1 Introduction and Main Results
Consider the first Piola-Kirchhoff stress $ {\bf{P}} $ defined as [1]
$ \begin{equation} {\bf{P}}({\bf{F}}) = \frac{\partial W({\bf{F}})}{\partial {\bf{F}}}, \end{equation} $ |
(1.1) |
where $ {\bf{F}} $ and $ W $ refer to the deformation tensor and strain energy density. Due to the principle of material frame-indifference and the material symmetry, two important constraints should be satisfied by these relations [1]:
$ \begin{eqnarray} {\bf{P}}({\bf{Q}}{\bf{F}}) &=& {\bf{Q}}{\bf{P}}({\bf{F}}), \quad \forall {\bf{Q}} \in SO(3); \end{eqnarray} $ |
(1.2) |
$ \begin{eqnarray} {\bf{P}}({\bf{F}}) &=& {\bf{P}}({\bf{F}}{\bf {H}}){\bf {H}}^{T}, \quad \forall {\bf {H}} \in G, \end{eqnarray} $ |
(1.3) |
where $ SO(3) $ stands for the proper orthogonal group and $ G $ refers to the material symmetry group.

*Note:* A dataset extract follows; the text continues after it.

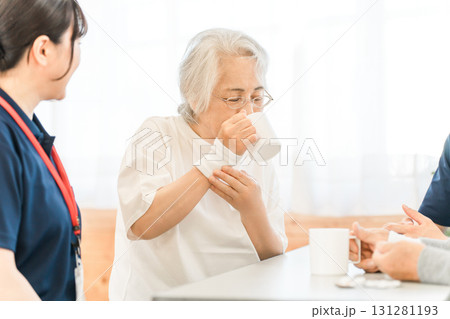 介護施設,老人ホームで嚥下訓練をするシニア女性と作業療法士の女性スタッフ 131281193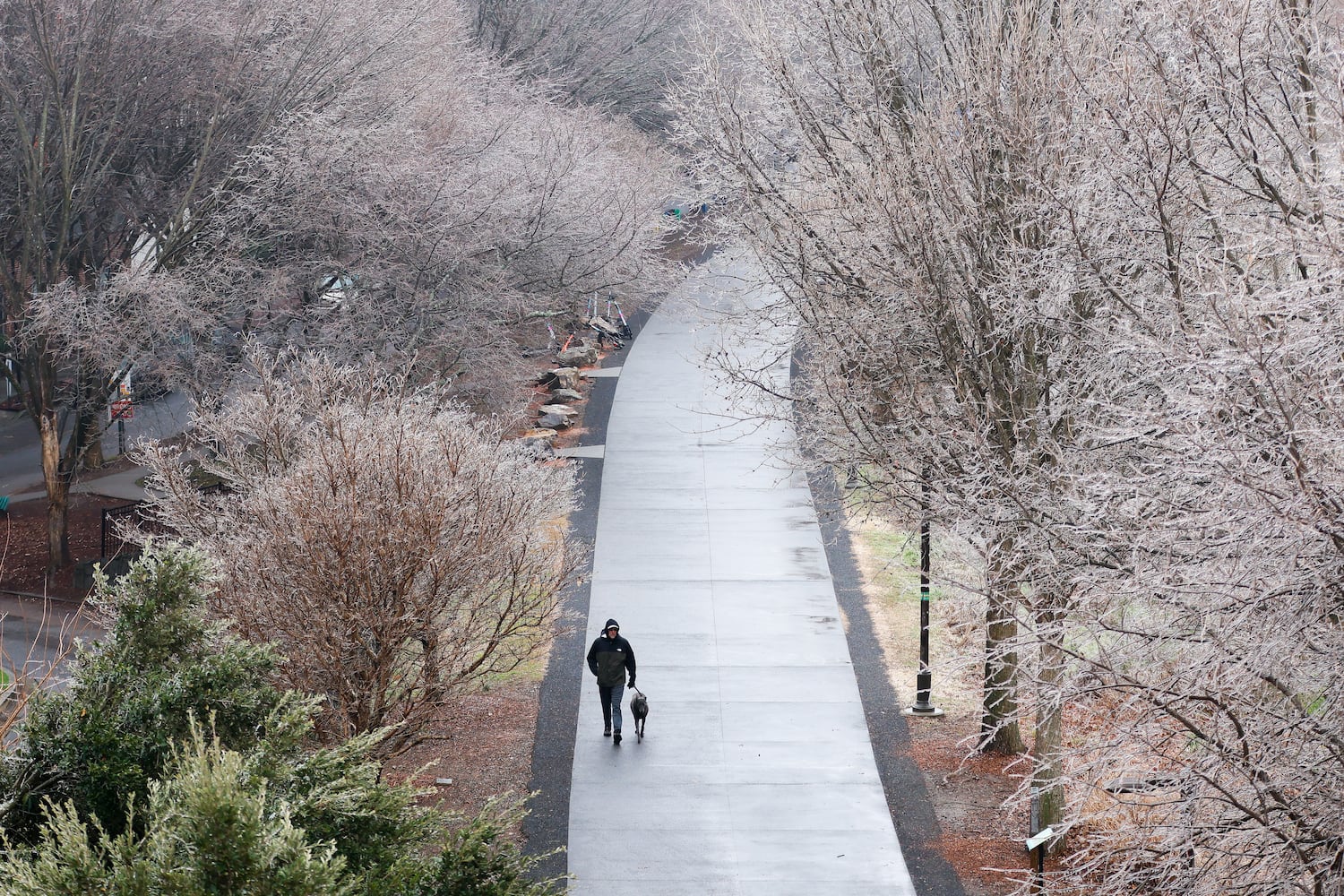 First wave of ice storm in Georgia tapers off, but more to come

In this work, we propose a deep symmetric network $ {\bf{P}}_{\theta}({\bf {F}}) $ to represent the first PK stress (DPK). By symmetric we mean the network can exactly satisfy the two constraints (1.2),(1.3). The neural network enables us to construct the constitutive relation based on both macroscopic observations and atomistic simulation data.
To begin with, we first review the traditional atomistic PK stress (virial stress) defined as
$ \begin{equation} {\bf{P}}({\bf {F}}) = \frac{1}{\Omega}\frac{\partial V(|{\bf{F}}{\bf {X}}_{12}|, ..., |{\bf{F}}{\bf {X}}_{ij}|, ...)}{\partial {\bf{F}}} = - \frac{1}{2\Omega}\sum\limits_{i}\sum\limits_{j\neq i}{\bf {f}}_{ij}\otimes {\bf {X}}_{ij}, \end{equation} $ |
(1.4) |
in which $ {\bf {X}}_{ij} $ and $ {\bf {f}}_{ij} $ refer to the relative displacement and pair force between the $ i- $th and $ j- $th atom, and $ V $ stands for the potential function of atom system. Under several assumption on the symmetry of the potential and the crystal structure, we can prove the virial stress is exactly in conformity with the two constraints (1.2),(1.3):
Theorem 1.1 (Symmetry of virial stress) For a given crystal system with periodic boundary condition, suppose the potential $ V $ is a symmetric function, let $ {\bf{P}}({\bf {F}}) $ be the stress defined by (1.4), then the constraint (1.2) holds for any $ {\bf {Q}} $ in $ SO(3) $, and (1.3) holds for any $ {\bf {H}} $ in the crystallographic symmetry group (point symmetry group $ G_p $, [2]).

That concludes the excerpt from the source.